Authorities in the capital banned large-scale gatherings until Thursday, fearing the national holiday might bring particularly heavy Russian missile attacks. Ukrainian President Volodymyr Zelensky urged the public to be vigilant.
In a recorded speech aired on the six-month anniversary of Russia's Feb. 24 invasion, Zelenskiy said Ukraine no longer saw the war ending when the fighting stopped but when Kyiv finally emerged victorious.
"A new nation appeared in the world on Feb. 24 at 4 o'clock in the morning. It was not born, but reborn. A nation that did not cry, scream or take fright. One that did not flee. Did not give up. And did not forget," he said.
Zelenskiy underscored Ukraine's hardening war stance that opposes any kind of compromise that would allow Moscow to lock in territorial gains, including swathes of southern and eastern Ukraine captured over the past six months.

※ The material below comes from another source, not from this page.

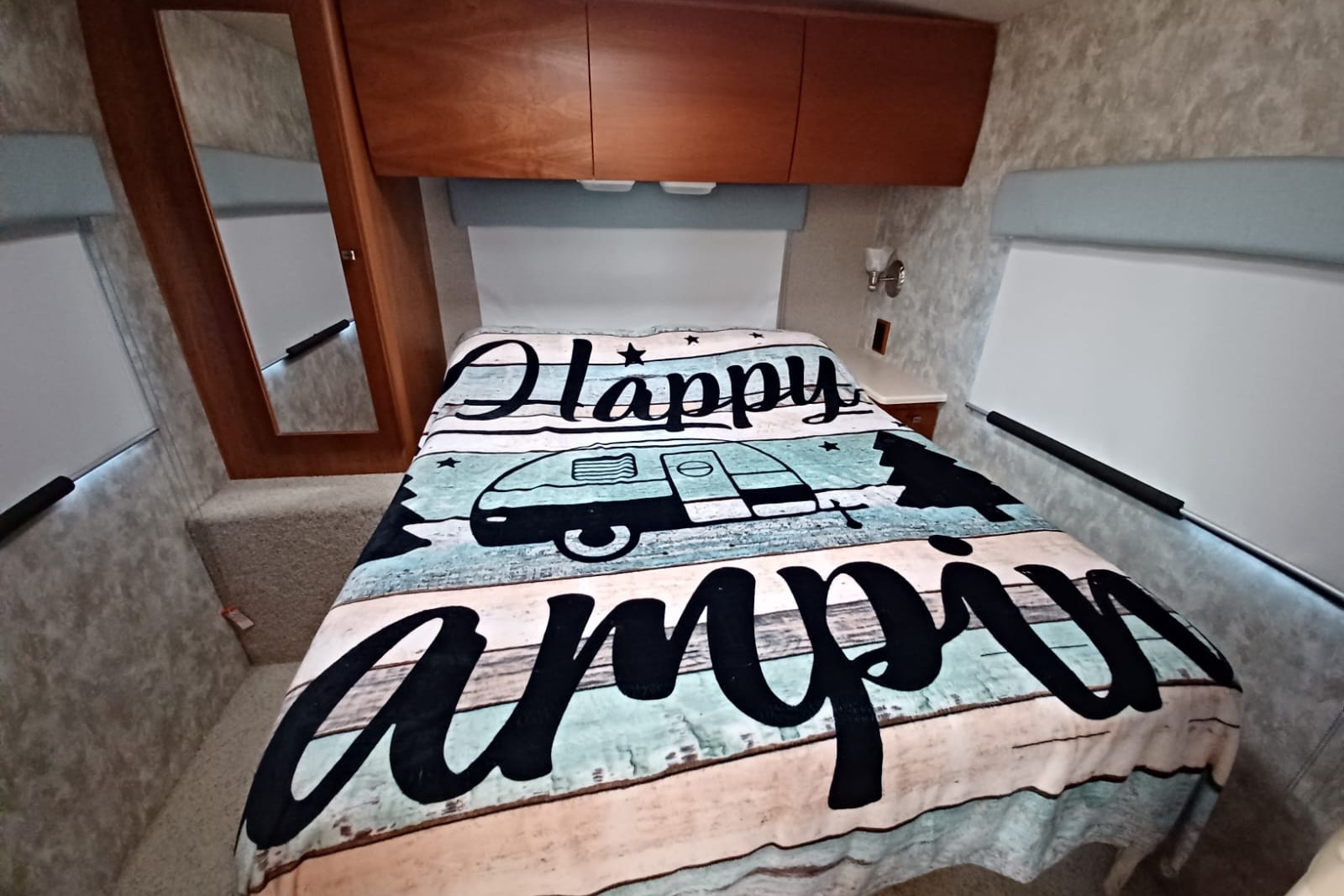 Vacation ready. Perfect for couple or family of 5+.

"We will not sit down at the negotiating table out of fear, with a gun pointed at our heads. For us, the most terrible iron is not missiles, aircraft and tanks, but shackles. Not trenches, but fetters," he said.
He vowed that Ukraine would recapture lost territory in the industrial Donbas region in the east as well as the peninsula of Crimea that Russia annexed in 2014.
"What for us is the end of the war? We used to say: peace. Now we say: victory," he said.
A small number of residents gathered at Kyiv's central square, where destroyed Russian tanks and mobile artillery were put on display over the weekend, and the national anthem is played every day at 7am local time.
"I can't sleep at night because of what I see and hear about what is being done in Ukraine," a retiree who identified herself only by her first name, Tetyana, said, her voice shaking with emotion. "This is not a war. It is the destruction of the Ukrainian people," she said.
Wednesday's holiday commemorates Ukraine's 1991 declaration of independence from the Soviet Union.
A car bombing outside Moscow that killed the 29-year-old daughter of right-wing Russian political theorist Alexander Dugin on Saturday heightened fears that Russia might intensify attacks on Ukraine this week.
Russian officials have blamed Ukraine for the death of Darya Dugina, a nationalist Russian TV commentator. The car bomb exploded after she had attended a patriotic festival with her father, who was widely believed to have been the intended target.
The Ukrainian government has denied any involvement.
Russian President Vladimir Putin ordered tens of thousands of troops into Ukraine on Feb. 24. Moscow's military encountered unexpectedly stiff Ukrainian resistance, and the six months of fighting has upended life in Ukraine and sent shock waves through the world economy.